The End of Time is a 2012 Swiss-Canadian documentary film edited, shot, narrated, written, and directed by Peter Mettler on the loose subject of time.

== Synopsis ==
Mettler interviews a range of people, including particle physicists at the Large Hadron Collider, DJ Richie Hawtin, an environmentalist, activists who seek to renovate Detroit, a hermit who lives on an island threatened by a volcano, and Indian Buddhists, who perform a funeral ritual. Each give their interpretation of what time is and what it means to them. The final interview subject, Mettler's mother, says that we must use what time we are given well.

== Cast ==
- Peter Mettler
- Richie Hawtin

== Reception ==
 Metacritic, which uses a weighted average, assigned the film a score of 56 out of 100, based on six critics, indicating "mixed or average" reviews.

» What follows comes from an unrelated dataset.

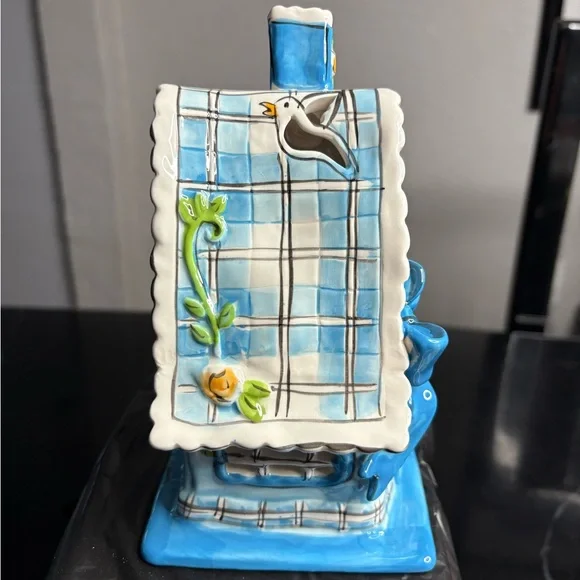 Blue sky “Peace” house tea-light candle holder - Picture 4 of 6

Jay Weissberg of Variety wrote, "Intermittently interesting but more often pretentious, this sluggish exploration of time as real and conceived concepts rarely does more than regurgitate philosophical platitudes without locating the depth to make them interesting." Stephen Dalton of The Hollywood Reporter wrote, "Any sense of narrative momentum or intellectual focus quickly unravels as the film evolves into an almost wordless symphony of disconnected images, sounds and music. But the nature-heavy montages are mostly beautiful and bizarre enough to excuse the film’s pretentious excesses." Peter Howell of the Toronto Star rated it 3.5/4 stars and wrote, "Mettler makes a profound statement on what makes all of us tick." Liam Lacey of The Globe and Mail rated it 2.5/4 stars and wrote that the film "offers lots of opportunities to gaze and muse" but does not offer insights in the subject. Miriam Bale of The New York Times called the film "a form of enforced meditation." Eric Hynes of Time Out New York wrote, "Peter Mettler's ruminative, frequently astounding essay film doesn’t just contemplate this notion; it aims to cinematically embody it." Calum Marsh of The Village Voice praised the cinematography but said that the film's pontificating is unnecessary.

The film was included in the Toronto International Film Festival's list of "Canada's Top Ten" feature films of 2012. It was nominated for best documentary film, best film score, and best cinematography at the 2013 Swiss Film Awards.